Tuesday, April 28, 2020
Clint Wallace (South Carolina), The Troubling Case of the Unlimited Pass-Through Deduction:
The title of section 2304 of the CARES Act—“Modification of limitation on losses for taxpayers other than corporations”—perhaps suggests some sort of innocuous technical fix. It has been described in media reports as allowing greater flexibility for businesses to claim losses, which may seem to make sense at a time when many businesses are facing huge unexpected losses.
This conventional understanding is wrong: the new rule, which I refer to as the unlimited pass-through deduction, benefits individuals, and it has little to do with unexpected losses. The loss limitation at issue previously prevented investors and business owners using pass-through entities from claiming exceptionally large losses (more than $518,000 in 2020) by way of those entities. I provide examples connecting the unlimited pass-through deduction with several background tax provisions to illustrate how the deduction will provide immediate direct payments to high-income taxpayers who do not necessarily have any losses (economic or tax) in 2020, and how it will result in the government to subsidizing and encouraging the realization of what might otherwise be paper losses.

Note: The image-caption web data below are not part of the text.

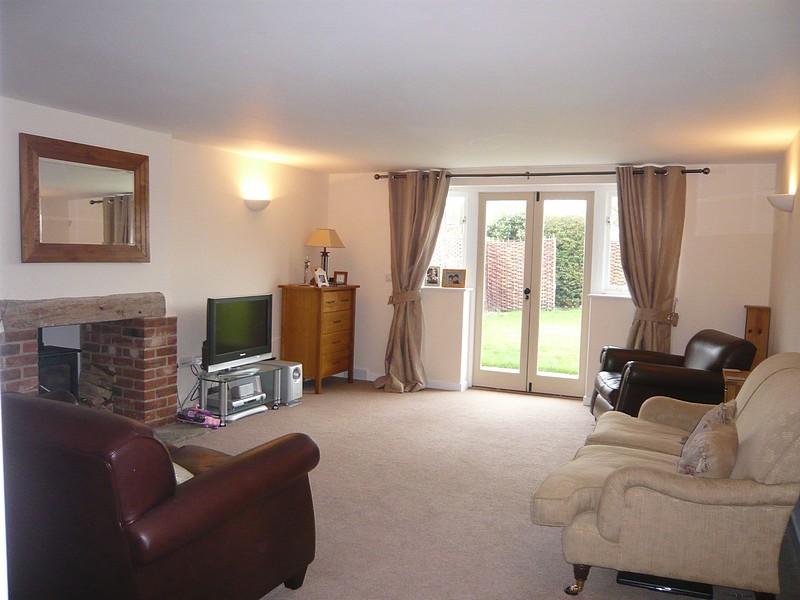 4 bedroom House, Manor Farm, Main Street, RG20 - Available, Image 10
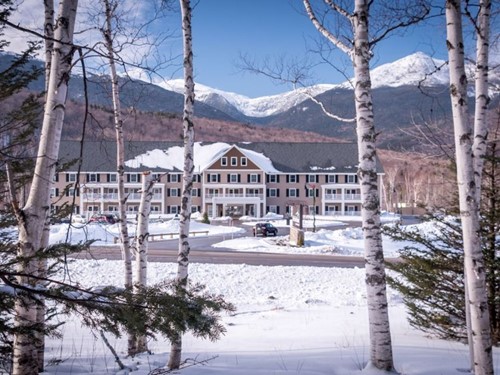 Winter Exterior of The Glen House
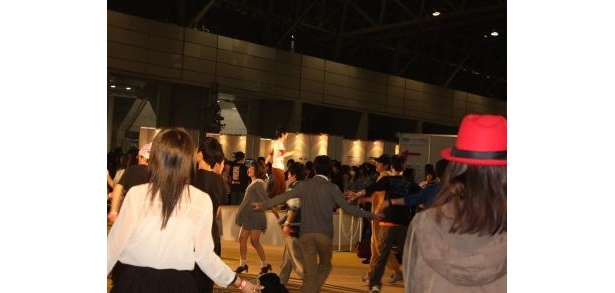 “超踊ってみた”コーナーで踊っている人々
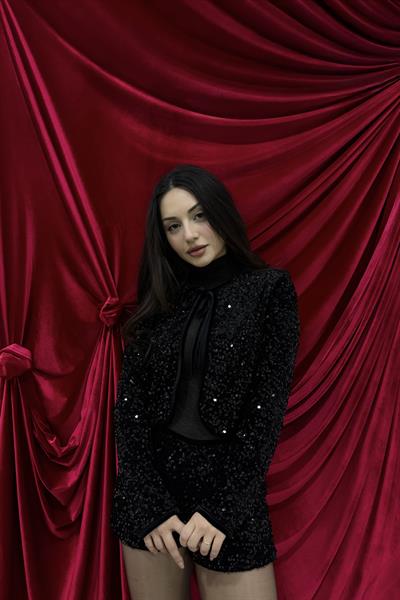 Pullu Şortlu Ceketli Siyah Takım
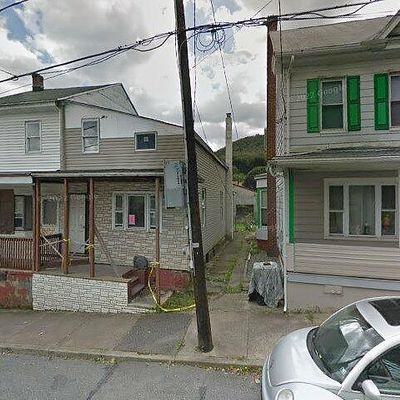 138 W Spruce St, Tamaqua, PA 18252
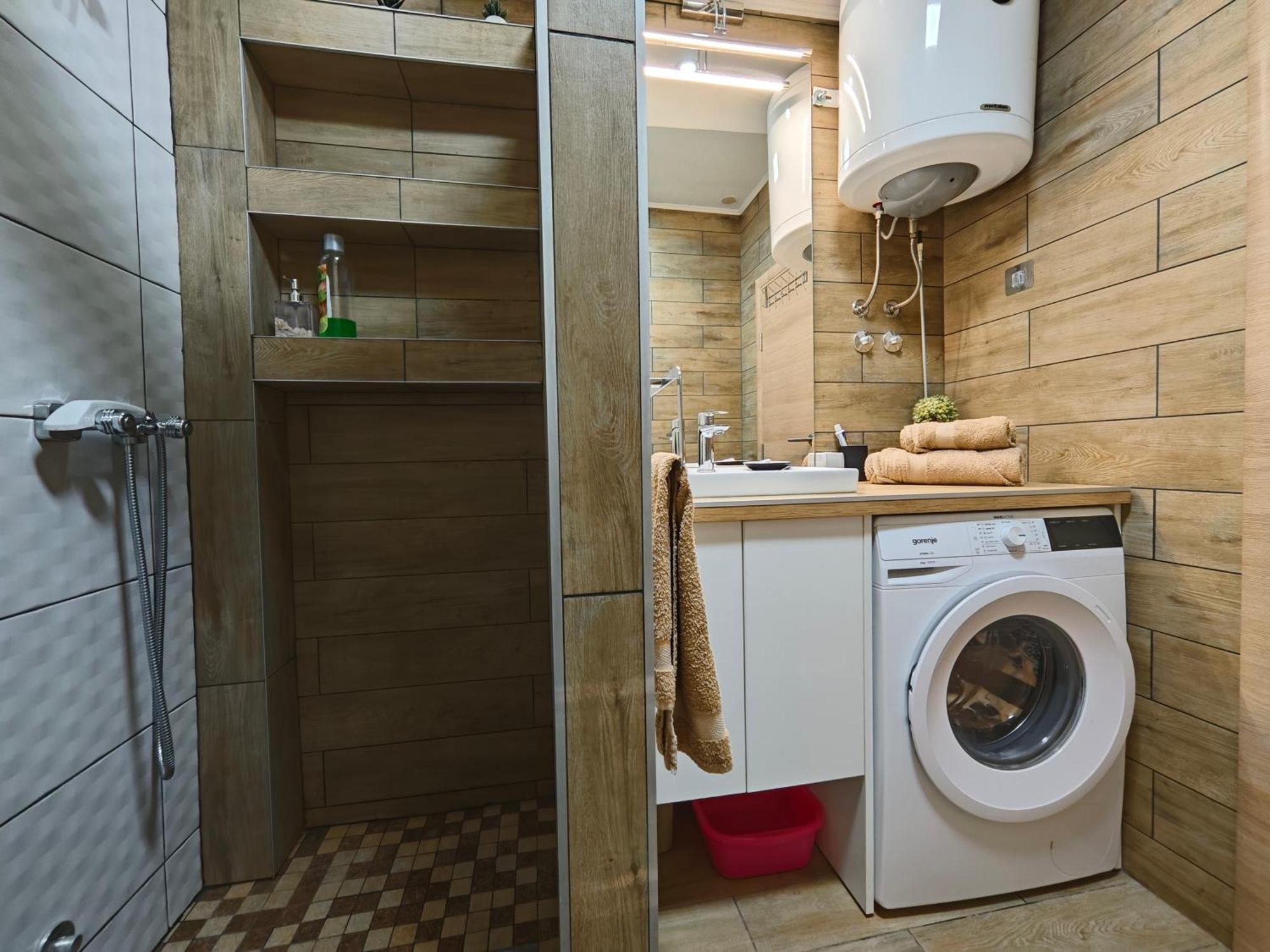 Apartman Julija Donji Milanovac Exterior foto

I combine distributional estimates prepared by the Joint Committee on Taxation and the American Enterprise Institute to show that the unlimited pass-through deduction is expected to provide larger payments to 43,000 of the highest income earners--households earning more than $1 million--than the rebate provides to the 47 million taxpayers earning less than $20,000 ($70.3 billion in unlimited pass-through deduction refunds versus $67 billion in rebates). This marks a staggering inversion of the perceived progressive distribution of tax benefits some have attributed to the CARES Act.